The scene in today’s gospel is very human, all too human in fact. It is clear that there is an inner circle developing in the disciples around Jesus with Peter, James and John appearing as the preferred one’s. Today, we have James and John approach Jesus with a rather bizarre question. The way in which they approach Jesus already gives the game away. They say, “Teacher, we want you to do for us whatever we ask of you”. They appear to be ordering Jesus and so have forgotten what the meaning of being a disciple is all about. It is to be a follower of Jesus, someone who learns from him and not someone who acts as if they are the ones in charge. And if the way that they approach Jesus is already indicative of a certain inappropriate behaviour for a disciple, then that which they are asking for is equally off piste. They want to sit at the right and the left hand of Jesus in his kingdom, in glory.

Jesus must have been taken aback by this request as he replies that they do not know what they are asking of him because this is for the Father to decide. However, it gives Jesus an opportunity to explain again what it means to be a disciple of Jesus. This he does by explaining that they will have to suffer and to die in order to be true followers. The language he uses is of drinking the cup and undergoing the baptism that he will, but the meaning is clear. Just as in the first reading from Isaiah, speaking of the suffering servant, it will be through great persecution and suffering that Jesus will redeem his people and show the way of service as the pathway towards the kingdom of God. So, it will be service that is the criteria of reward for discipleship.

In a way, this passage from Mark is speaking about what we today call ‘status anxiety’. The concern we have to achieve a certain position and recognition in a group is what is referred to as ‘status anxiety’ and it is a secular translation of what used to be a common feature of society; namely, ‘salvation anxiety’. James and John are here fusing these two ideas into one and demanding from Jesus that their place in the kingdom is the highest one. Matthew 20: 20 in his account of this episode has the mother of James and John make this request on their behalf, perhaps to soften the glaring contradiction in the disciples between their call and response to Jesus. It is a clear example of the fact that the disciples of Jesus are ordinary, very ordinary people whose journey of learning just what it means to be a disciple of Jesus goes through a great deal of misunderstanding. They seem to be acting in this passage as if Jesus is a worldly messiah who picks his favourites for the top jobs. They have not grasped the great reversal that the kingdom of God entails. This reversal is one which substitutes tyranny and lordship for humility and service in those called to the kingdom of heaven.

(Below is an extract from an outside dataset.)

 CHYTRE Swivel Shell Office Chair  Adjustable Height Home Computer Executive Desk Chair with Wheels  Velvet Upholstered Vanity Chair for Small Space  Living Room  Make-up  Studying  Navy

At the heart of most of these kinds of anxiety displayed by James and John is the desire to be loved, which is the deepest form of recognition that we experience as human beings. We are born with a hunger to be recognized that displays itself in a great deal of the behaviour of children in families with all kinds of sibling rivalries playing themselves out in families. This behaviour accompanies us in life as we grow up and it can lead to a great deal of pain and suffering as we attempt to acquire the recognition we seek in all kinds of unhealthy behaviour patterns and instrumentalized relationships. This is why fundamental for the disciple of Jesus is to grow in the knowledge that we are loved just as we are. We do not need to perform for this recognition it is given to us freely by God and our task as disciples is to live lives of service which reflect this self-same love of God back to God through lives of service.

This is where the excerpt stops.